The Corner

Obama: The Only Thing We Need to Fear Is Fear of Tyranny

On Sunday, President Obama delivered the commencement address at Ohio State University. He once again gave voice to the essential element of his philosophy of government:

Unfortunately, you’ve grown up hearing voices that incessantly warn of government as nothing more than some separate, sinister entity that’s at the root of all our problems; some of these same voices also doing their best to gum up the works. They’ll warn that tyranny is always lurking just around the corner. You should reject these voices. Because what they suggest is that our brave and creative and unique experiment in self-rule is somehow just a sham with which we can’t be trusted.

We have never been a people who place all of our faith in government to solve our problems; we shouldn’t want to. But we don’t think the government is the source of all our problems, either. Because we understand that this democracy is ours. And as citizens, we understand that it’s not about what America can do for us; it’s about what can be done by us, together, through the hard and frustrating but absolutely necessary work of self-government. And, Class of 2013, you have to be involved in that process.

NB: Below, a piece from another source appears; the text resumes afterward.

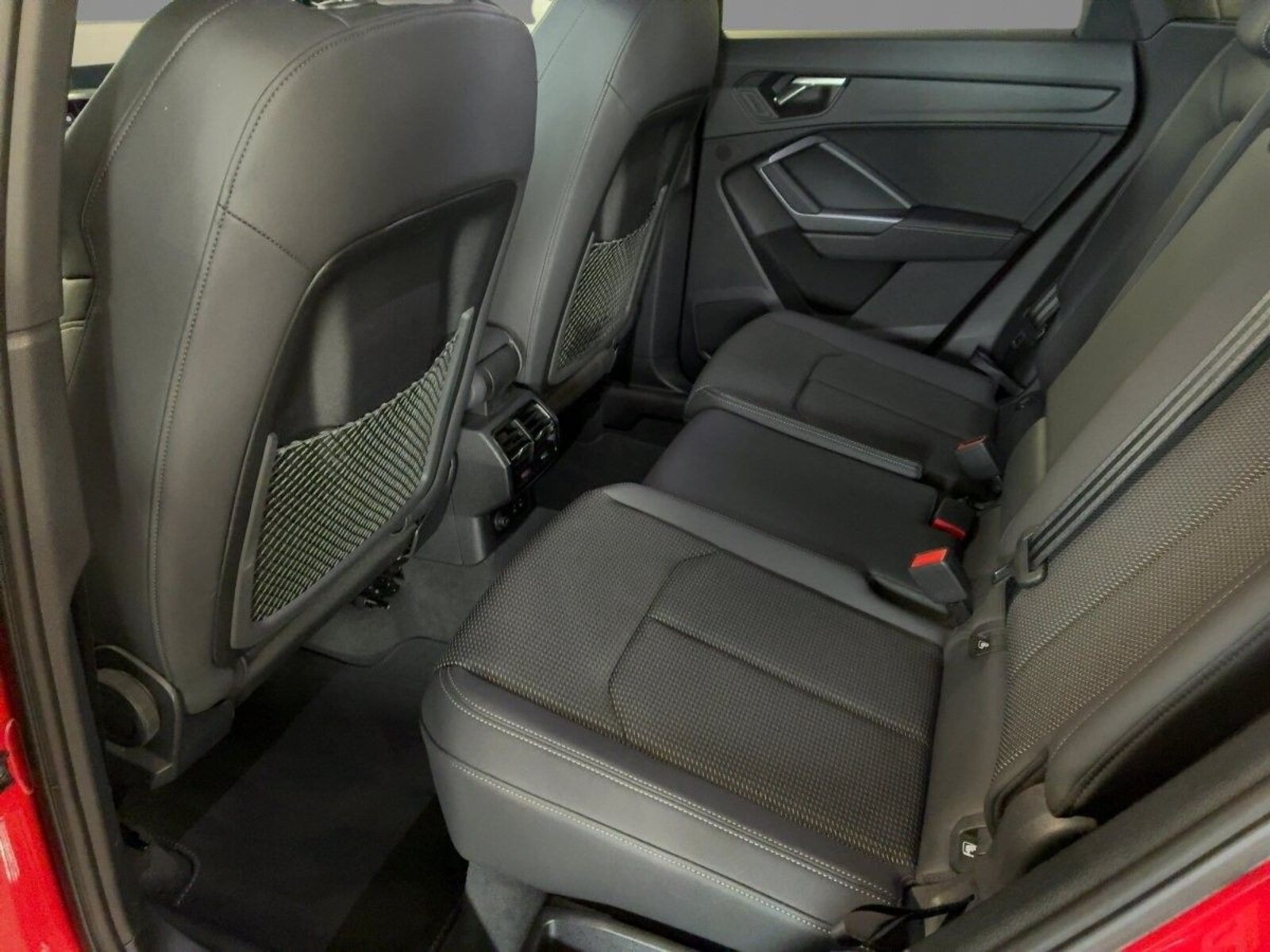 Audi Q3 – Bild 7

The founders trusted us with this awesome authority. We should trust ourselves with it, too. Because when we don’t, when we turn away and get discouraged and cynical, and abdicate that authority, we grant our silent consent to someone who will gladly claim it. That’s how we end up with lobbyists who set the agenda; and policies detached from what middle-class families face every day; the well-connected who publicly demand that Washington stay out of their business — and then whisper in government’s ear for special treatment that you don’t get.

That’s how a small minority of lawmakers get cover to defeat something the vast majority of their constituents want. That’s how our political system gets consumed by small things when we are a people called to do great things — like rebuild a middle class, and reverse the rise of inequality, and repair the deteriorating climate that threatens everything we plan to leave for our kids and our grandkids.

As Jonathan Tobin notes over at Commentary, Obama deploys the usual goon squad of strawmen here, with a false choice or two thrown in for good measure. 

Tobin offers some valuable criticisms, but I want to add a few more.

First there’s Obama’s incredibly narrow vision of what constitutes civil society and self-government. Once again, Obama’s vision of America is one with only two meaningful institutions: The individual and the government. It’s the same formulation he made in his horrendous second inaugural:

No single person can train all the math and science teachers we’ll need to equip our children for the future, or build the roads and networks and research labs that will bring new jobs and businesses to our shores. Now, more than ever, we must do these things together, as one nation, and one people.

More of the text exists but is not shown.